The confusion is rooted in a point of clarification that creditors sought after bidders submitted their offers on Dec. 14. The creditors had noted that since there could be some delay between the winning bid being approved by courts and the bidder taking over the company, they had asked bidders to confirm whether they were willing to pay the interest income accrued during this period to the creditors.

Oaktree Capital had sought clarification on whether this would amount to a change in the commercials of the already submitted bid on Dec. 14, as such change was not permitted as part of the process. The creditors did not respond to that query, said the people cited above. After noting that competitor Piramal Group had offered Rs 1,000 crore in additional interest income as part of the upfront cash, Oaktree Capital sought to amend its offer after the deadline.
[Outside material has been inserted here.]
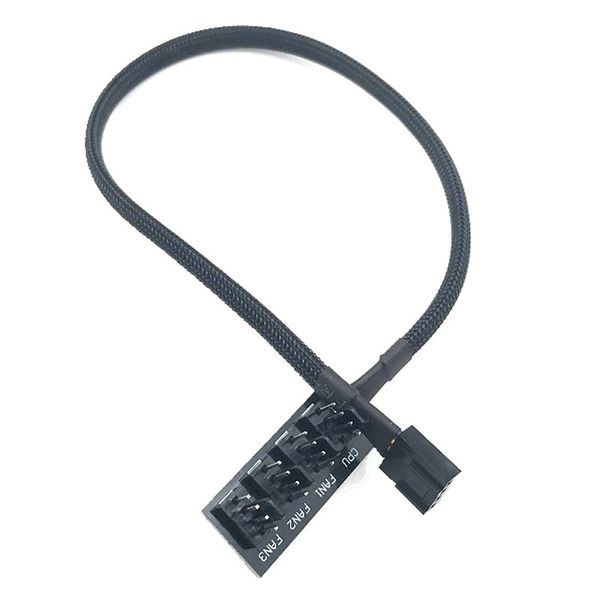 sxdool case pc cooler fan power cable 1 female to 4 male 4pin socket fan hub splitter cable for 3pin&4pin pwm
sxdool case pc cooler fan power cable 1 female to 4 male 4pin socket fan hub splitter cable for 3pin&4pin pwm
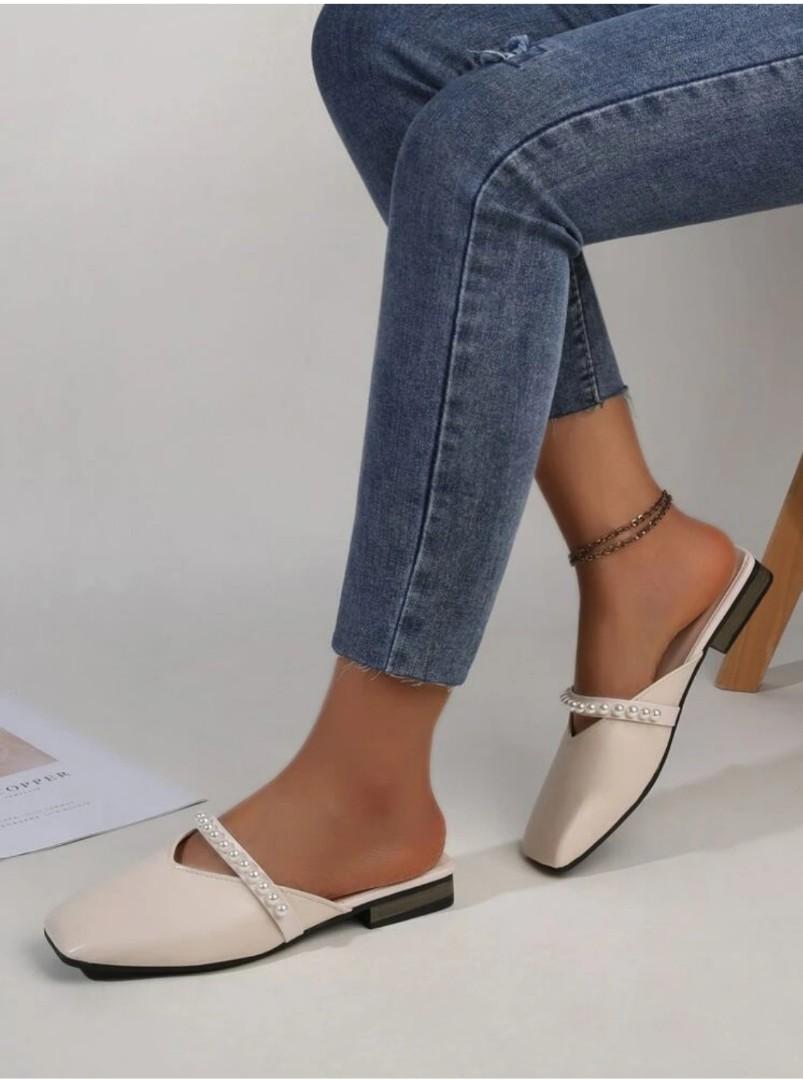 White mule slides new arrivals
Oaktree Capital And Piramal Lock Horns Over DHFL As Bidding War Escalates

Delays By Litigation

The way both leading bidders have been posturing ahead of the voting lines being opened, it would appear that the committee of creditors is likely to face litigation, the first of the three people quoted above, a corporate lawyer, said.

Since the revision in offer by Oaktree Capital is worth Rs 1,700 crore upfront, the creditors do not want to let go of the higher payout. The creditors also have to justify the amendment after the bidding deadline, to avoid questions by Piramal Group, the person said.

Any litigation would further prolong the resolution process, which has already seen considerable delays. The RBI had ordered banks to invoke the Insolvency and Bankruptcy Code to resolve DHFL in November 2019. Since then the resolution process had gotten delayed owing to disruption caused by the Covid-19 pandemic.

Delays notwithstanding, legal precedent has worked in favour of what the creditors decide. The National Company Law Tribunal, which approves resolution plans, has previously stood behind the commercial wisdom of the committee of creditors. Even in cases such as the resolution of Binani Cement, where questions were raised about allowing unsolicited offers after the bidding deadline was completed, the creditors’ decision has been upheld in higher courts.

Financial creditors to DHFL are owed more than Rs 87,000 crore according to the latest details available on the housing finance company’s website.